Coryphoideae targeted capture bioinformatics work-flow

Inherited by Oscar Wrisberg (Oscar.wrisberg@bio.au.dk), 11th January 2021

0. Workspace

Required file structure and environments
In order to run this pipeline you need a directory with the following folders along with a set of conda environments. These can be quickly produced by running infrastructure.sh within the desired directory. OBS!! one of the environments is called base and running the infrastructure script might erase your own base environment, proceed at your own risk.

00_secapr
- 0_data
- 1_trimmed
01_data
02_trimmed
03_hybpiper
04_coverage
05_blacklisting
06_alignment
07_optrimal
08_cialign
09_mapping
10_tree_building
11_dating_the_tree

Downloading and renaming data

Transfer all sequence files into 01_data from where the analysis begins.
In order for the pipeline to run, the files need to follow a strict naming regime, see names_number_species.txt

Pipeline

This analysis of the Coryphoideae subfamily utilizes a pipeline / workflow approach using the GWF workflow manager. The entire pipeline consists of three subsequent scripts that need to be run in the correct order. Before commencing the first workflow, make sure that GWF is installed and configured to work on the cluster that you are using. See GWF for information on how to do this.

01. species_workflow.py

Trims the reads from each species using trimmomatic and a custom adapter and then combines the paired and unpaired reads for forward and reverse reads respectively in order to enable post trimming fastqc quality check for comparability before and after trimming.

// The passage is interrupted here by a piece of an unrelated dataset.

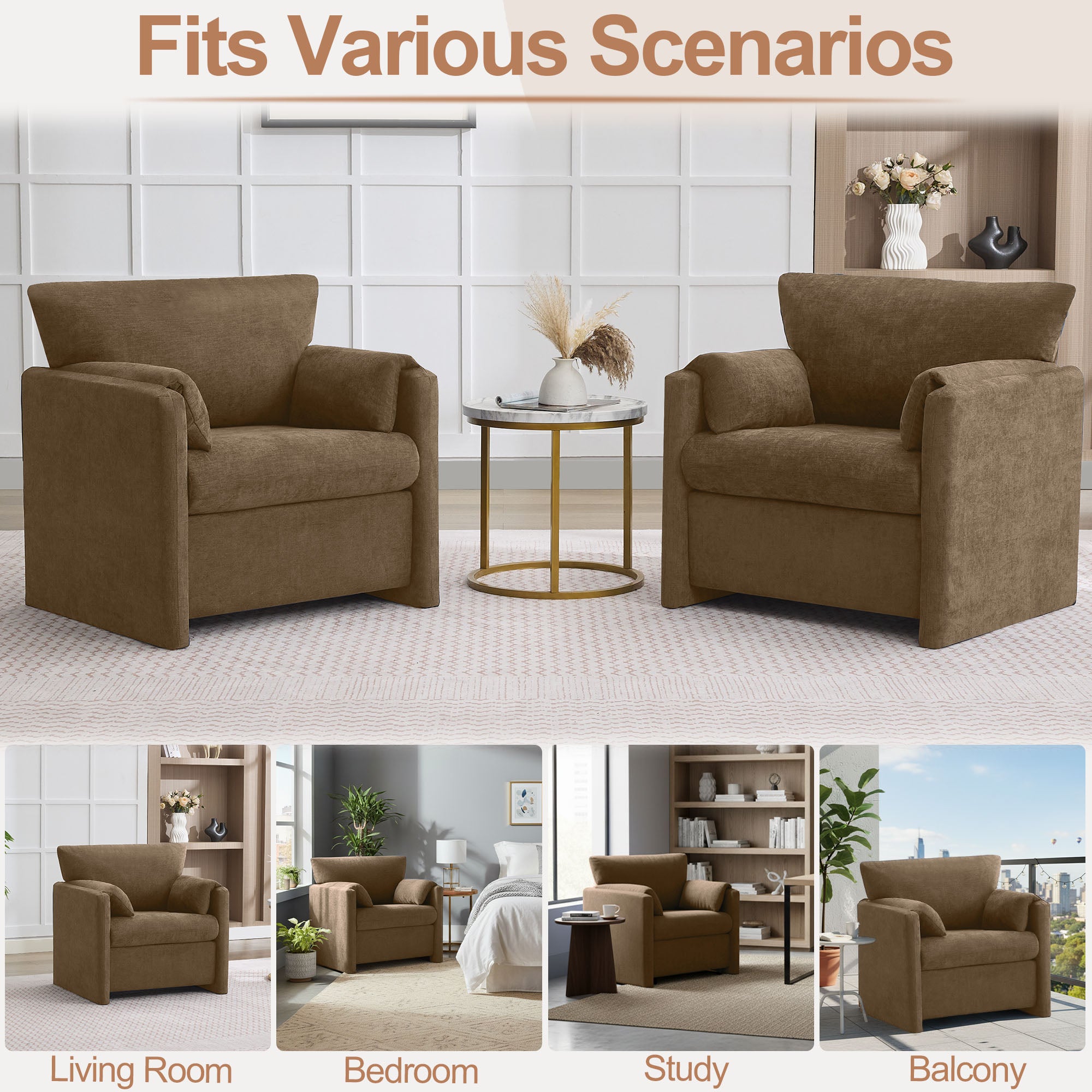 Oversized Accent Chair for Living Room，Brown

All the trimmed reads are then given to Hybpiper which takes the trimmed reads and builds supercontigs for each target in the target file. If hybpiper is detecting potential paralogs these are then investigated and removed using the parallel scribt from Hybpiper.

After Hybpiper all supercontigs for each specimen is collected into a single fasta file. The paired and unpaired reads are then mapped to that fastafile, the reads are then deduplicated and the depth of each base is calculated. Any base with a depth less than 2 are then trimmed and a new fasta file is then created for the supercontigs.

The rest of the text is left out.